What I am not fine with is following:

  1. Data science combines all the standard practices and knowledge a statistician must know!
  2. Data science is sexy for the part of knowing and understanding the algorithms for multivariate statistics, for making predictions and for finding the patterns in the data. This is sexy, but to get to this point, one must be a mathematician/statistician with lots of years of experience.  The rest is just crap! Assuring the data quality (no business want to hear that, nobody wants to do this. Well. In reality, if your data is of poor quality, don’t expect good quality results), siting countless hours with one or two variables and finding out the behavior, correlation, causality, diving into literature for finding a smoothing algorithm to assure a better result, etc. Well, this is not really crap, but this is usually what “buzz-word” people don’t really like to mention!
  3. With Big data come big big big problems. Eventual consistency is probably the biggest lie ever (the abuse is similar to the one of statistical significance of p-value). having inconsistent data represents a big challenge. Big data made a big promise which a lot of data scientist couldn’t deliver (not of the lack of the knowledge but usually the lack of time or money). Big data never cared to look into the relational-model. It was never meant for business to adopt it in order to extract a relevant information. But again, this was not the fault of data scientist, but slowly adapting businesses. Stories about 4V (volume, velocity, variety, value) can be misleading mainly because technology of 4V is usually separate story to real research and mining of data (unless you are dealing with stream analysis or daily pushing new models in your business; but also a week old data will be sufficient for proving a point).
  4. Everyone wants to be a data scientist. Yes, and I want a pony. No, no. I want a rainbow unicorn. Being data scientist is dedication, is reading pile of books with formulas (usually hard to understand, but they actually make sense!), siting with random data sets, switching between random mathematical/statistical/database/script programs and languages in order to – well – just to prepare the data.
  5. All new technologies are boosting the ego of non-data-scientist with this fake vision, that a simple prediction of your company’s sales can be done with couple of clicks. I can’t argue with that. My only question is, would the result of this 5 minutes drag-and-drop prediction be of any relevance? or correct?
  6. Everyone like data scientist. But nobody like statisticians. Or mathematicians. First are usually the abusive toward data and they lie about the results and the latter are philosophers with countless formulas proving the existence of life on fifteen  decimal place. But reality is, data scientist = statisticians + mathematicians. So get over it! I still vividly remember 20+ years ago, how “data science” back then was neglected and it’s reputation was… well, it wasn’t.
  7. R and Python is the next best thing I have to learn. Well don’t, if you don’t intend to use it. Go and learn something more useful. Spanish for example. R has been in the community for past 30+ years and it wasn’t invented just recently. So has been python. And we have been using both for the purpose of supporting business decisions. If you would like to learn R, ask your self: 1) Do I know any statistics? and 2) Can I explain the difference between Naive Bayes and Pearson correlation coefficient?. If you answer on both negative, I suggest you to start learning spanish.
  8. Programing is in a lot of aspects very close to theory of statistics. Sampling for example is one of those areas where good programming knowledge will bust your abilities in data sampling and different approaches to probability theory
  9. Salaries are relative. Data scientist can get a very good salaries, especially those who are able to combine a) knowledge  of statistics/mathematics with b) computer literacy (programing, data manipulation) and c) very good understanding of business processes. A lot of knowledge and understanding come from experience and repetitive work, the rest with determination and intelligence.
  10. It is hard to be data scientist in a semi to big company! But much easier in small or as a freelance.
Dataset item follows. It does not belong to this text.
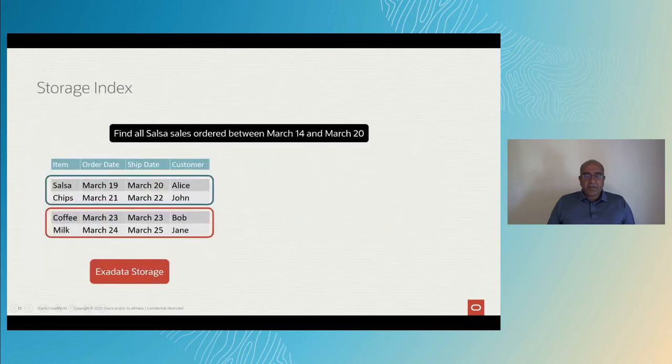Now that we've mastered smart scans, let's look at a technology called Storage Index. The customer asks us to find all the salsa ordered between March 14th and March 20th. The table, while logically contiguous, can be split physically into several 1 megabyte regions. For simplicity, I'm showing two rows per megabyte — in reality it will be far more. We scan the first 1 megabyte block, find the salsa sale, and remember in a new in-memory data structure called Storage Index that the order date minimum is March 19th and the maximum is March 20th. We scan the second 1 megabyte block, don't find the salsa, but remember that the order date minimum is March 23rd and the maximum is March 24th.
So next time you use term data science or data scientist or you label yourself as one, keep in mind couple of points from above. And unless you have done any kind of research for years and still get a kick out of it, please, don’t call it a sexy job. You might offend someone.

Tagged with: ,
Posted in Uncategorized
2 comments on “Faux pas of data science
  1. stefflocke says:

    Good post!

    So my personal journey was a lot of maths, mainly pure, then getting my degree in Philosophy. I always worked in data & analysis heavy roles, taking on more responsibility and scope of work. A few years back I had to buff my stats when I built some models for predicting default etc. This was when I learnt R. I studied more around R & stats and continued using R and building models.

    I’m now a “Lead Data Scientist” and I like to poke fun of myself by wearing jeans, a geeky t-shirt and a blazer so I “look the part” but I can’t yet bring myself to go Mac. My stats is stronger than people’s in BI and I know enough to hire the next people in who will be stronger on the modelling side, but my main focus is developing initial infrastructure to support data science within the company, building the first models, and building a team of data scientists.

    I would suggest that people who don’t want to be data scientists but want to do BI better should learn R (or python) – it is a fantastic data analysis tool providing analysts with the means to achieve more in their day jobs through scripted and reproducible data manipulation and data visualisations.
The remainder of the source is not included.